The equations from Voinova and coworkers were implemented in MATLAB and shown to generate shear and viscosity response surface plots matching those presented in the paper (Fig. S1, ESI†).⁴³ These equations were used to create the frequency and dissipation response surfaces shown in Fig. 2A and B of a hypothetical soft 5 nm adlayer. Changes in the viscosity or shear modulus of the film can be represented as a line connecting two points on the surfaces. Changes in the height of the surfaces equate to changes in the frequency and dissipation responses. In this way an anticipated change in the films properties can be related to experimentally observable responses of Δf and Δd relative to an unloaded sensor under the same fluid. Note that the dissipation initially rises then falls for low viscosity films with a decreasing shear modulus, illustrating the non-intuitive nature of this response.

Fig. 2 Surface and contour plots showing the modelled (A) frequency response and (B) dissipation response to water-immersed adlayers with varying viscosities and shear moduli (both shown on logarithmic scales). Panel (C) presents a plot of TPM-sensitivity for this film. An increase in response is represented as an increase in colour saturation. Red and blue arrows represent gradients of the frequency and dissipation responses, respectively, with respect to these two materials parameters. At point O (η_film = 1.0 mPa s, μ_film = 0.25 MPa), the two vectors are nearly orthogonal, resulting in a high TPM-sensitivity for this system. At point P (η_film = 2.5 mPa s, μ_film = 0.10 MPa) the frequency and dissipation vectors are nearly parallel, resulting in a TPM-sensitivity close to zero. The third case, in which the vectors are antiparallel, is not shown but would also lead to a zero sensitivity. Fixed model parameters: h_film = 5 nm, ρ_film = 1.45 × 10³ kg m⁻³, ρ_bulk = 1.0 × 10³ kg m⁻³, η_bulk = 0.89 mPa s, f₀ = 4.95 MHz, N = 7. Sensitivity weightings (see text): σ_Δf = 0.053 Hz, σ_Δd = 0.021 ppm. QCM-D responses are shown with respect to the unloaded sensor in the same bulk fluid.

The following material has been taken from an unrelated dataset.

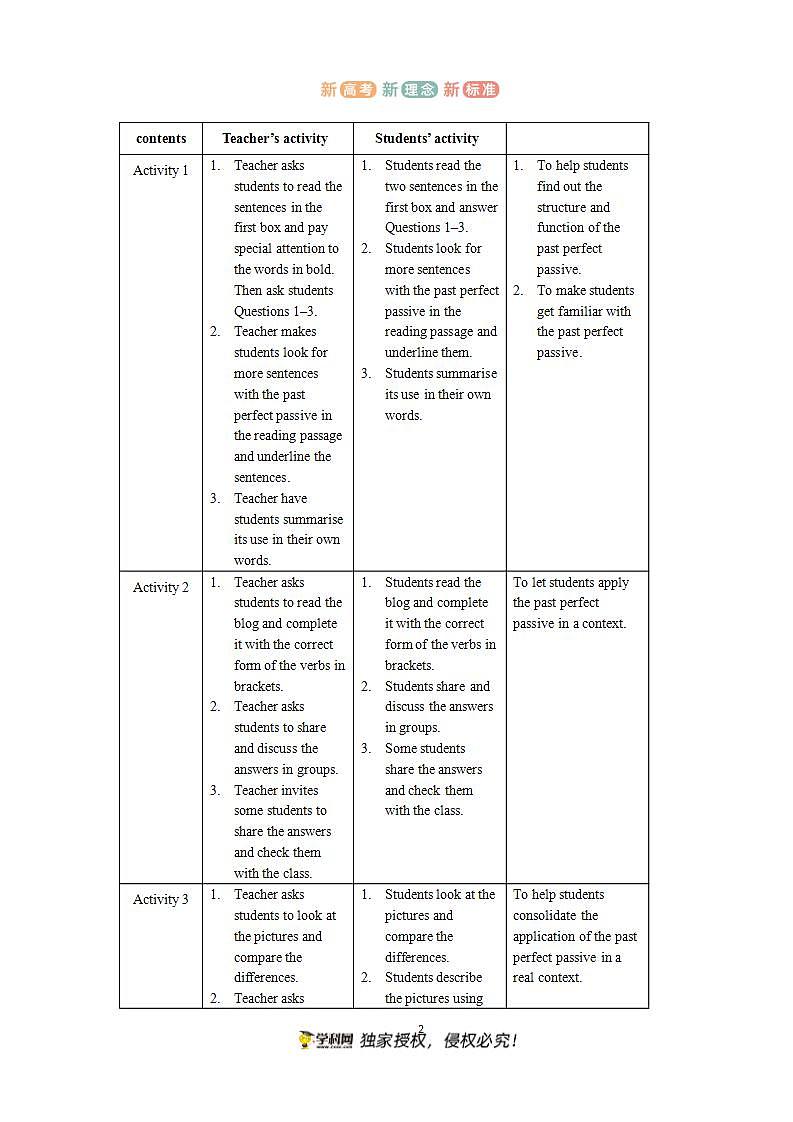 Unit 2 Improving yourself Period 2 Using language 教学设计02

The mathematics of TPM-sensitivity account for how readily changes to physical parameters can be resolved by changes in the QCM-D's response. There are situations where it is impossible to mathematically decouple changes in a film's physical parameters based on measured QCM-D responses. Fig. 2 provides an example of this by presenting the response surfaces for a hypothetical protein adlayer. Although this example illustrates TPM-sensitivity with two parameters to make it easier to visualise, the method is applicable to multidimensional analysis. The z value of any point on Fig. 2A or B shows the frequency and dissipation shifts respectively upon loading an adlayer with the shear and viscosity values indicated, these responses being relative to an unloaded sensor under the bulk fluid. Two films which differ only in their viscosity and shear moduli values are labelled as O and P for orthogonal and parallel, respectively. The blue arrows show the direction of the greatest change in frequency with changes in the film's viscosity and shear modulus (i.e., its frequency gradient). The red arrows show the same for the dissipation response. The ability to mathematically decouple changes in the film's physical parameters is greatest when the angle between the slopes is 90° and decreases to zero when this angle goes to 0° or 180°. In the case with two unknown physical parameters, this leads to three limiting cases where the response vectors are orthogonal, parallel or antiparallel.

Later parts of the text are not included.